▶ WORK REQUIRED
Output the data unchanged and complete, minus the images.

═════ DATA EXCERPTS ═════

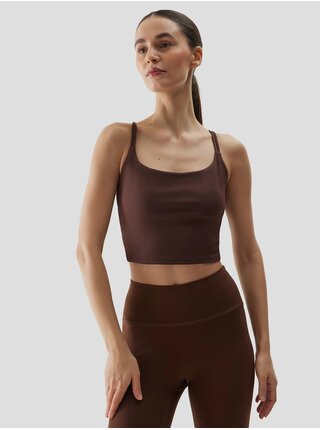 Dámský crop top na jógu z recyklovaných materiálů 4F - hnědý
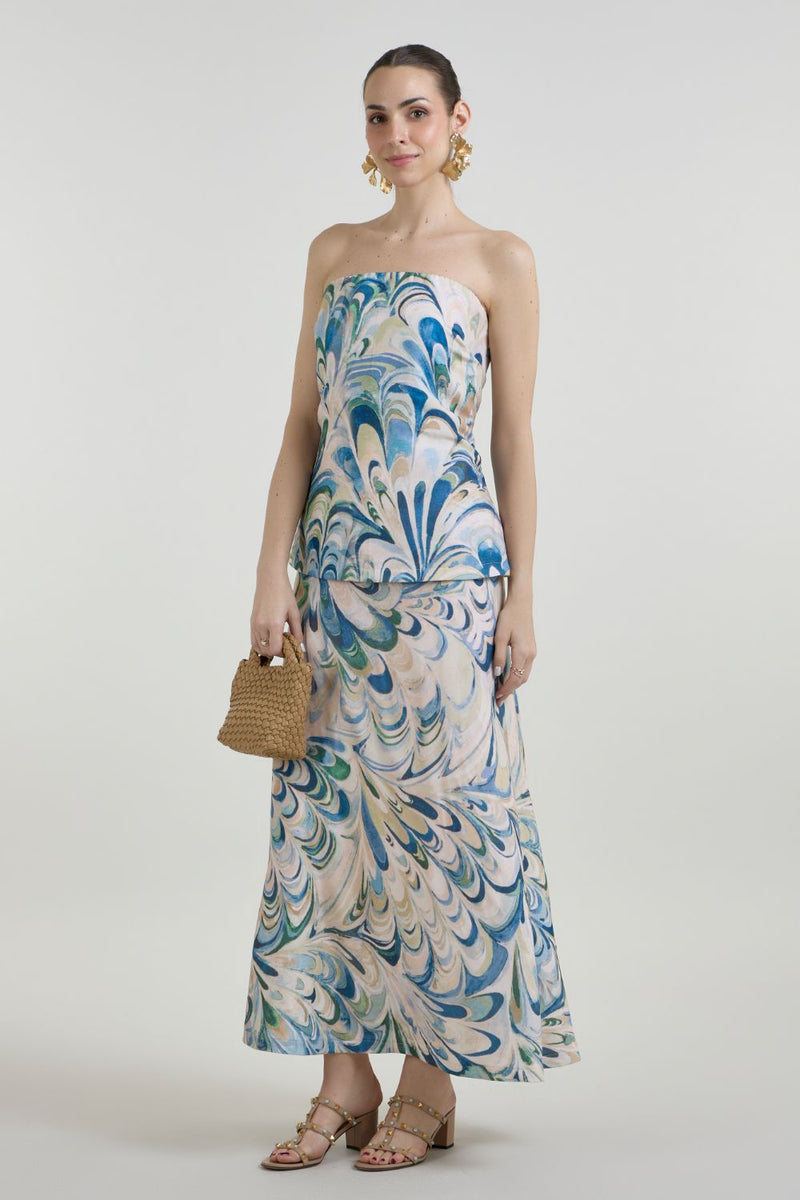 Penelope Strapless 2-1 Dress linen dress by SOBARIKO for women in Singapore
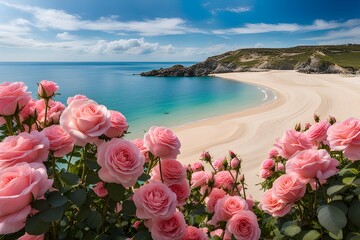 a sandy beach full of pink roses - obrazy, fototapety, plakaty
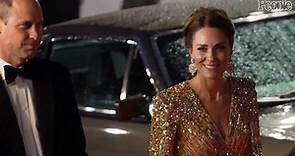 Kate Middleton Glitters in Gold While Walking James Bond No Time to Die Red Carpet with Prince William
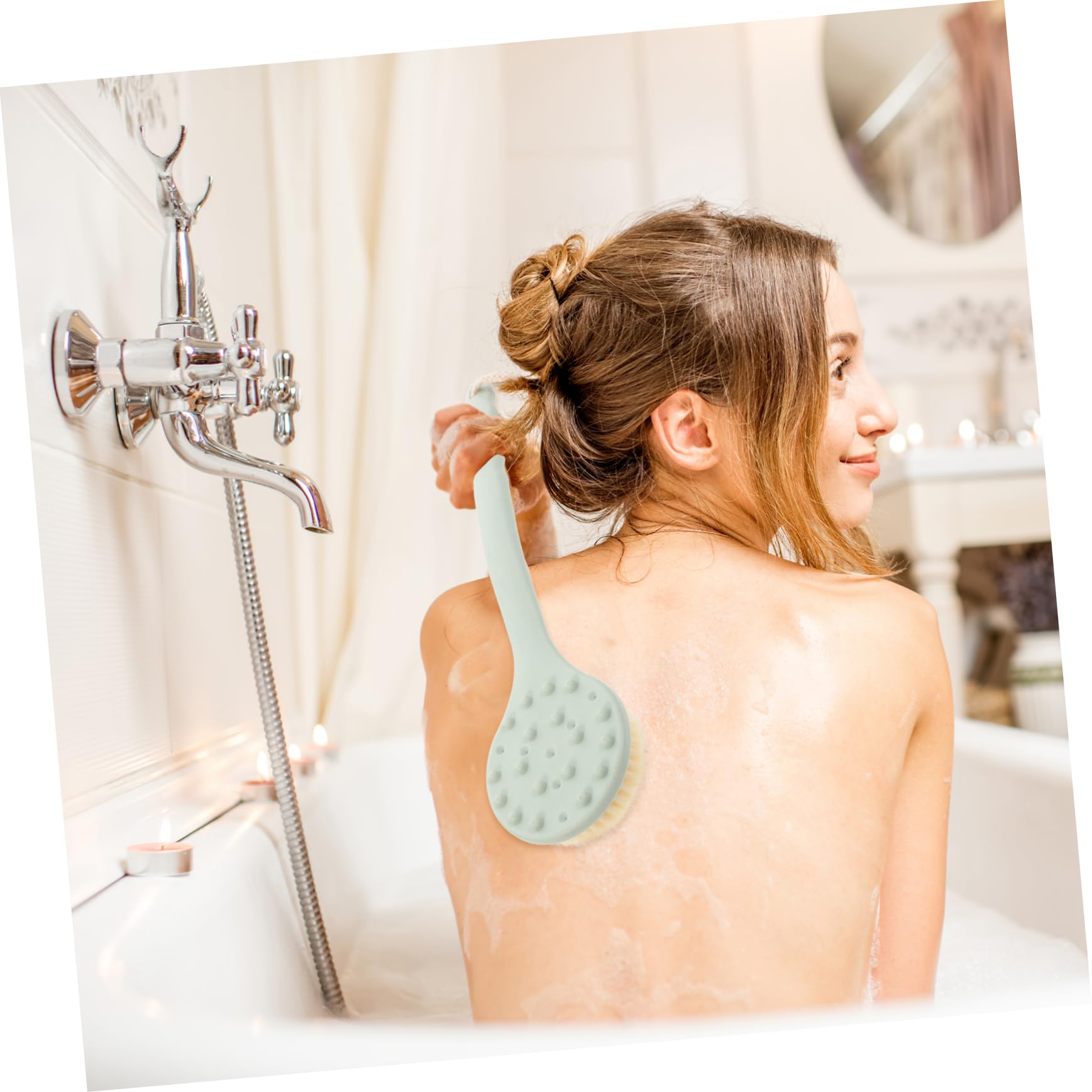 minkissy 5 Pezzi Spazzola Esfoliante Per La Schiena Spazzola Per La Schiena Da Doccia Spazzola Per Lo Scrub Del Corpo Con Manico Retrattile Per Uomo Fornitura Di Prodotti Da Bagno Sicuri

═════

▶ RESULT FOR THIS TASK
 Dámský crop top na jógu z recyklovaných materiálů 4F - hnědý
 Penelope Strapless 2-1 Dress linen dress by SOBARIKO for women in Singapore
 a sandy beach full of pink roses - obrazy, fototapety, plakaty
 Kate Middleton Glitters in Gold While Walking James Bond No Time to Die Red Carpet with Prince William
 minkissy 5 Pezzi Spazzola Esfoliante Per La Schiena Spazzola Per La Schiena Da Doccia Spazzola Per Lo Scrub Del Corpo Con Manico Retrattile Per Uomo Fornitura Di Prodotti Da Bagno Sicuri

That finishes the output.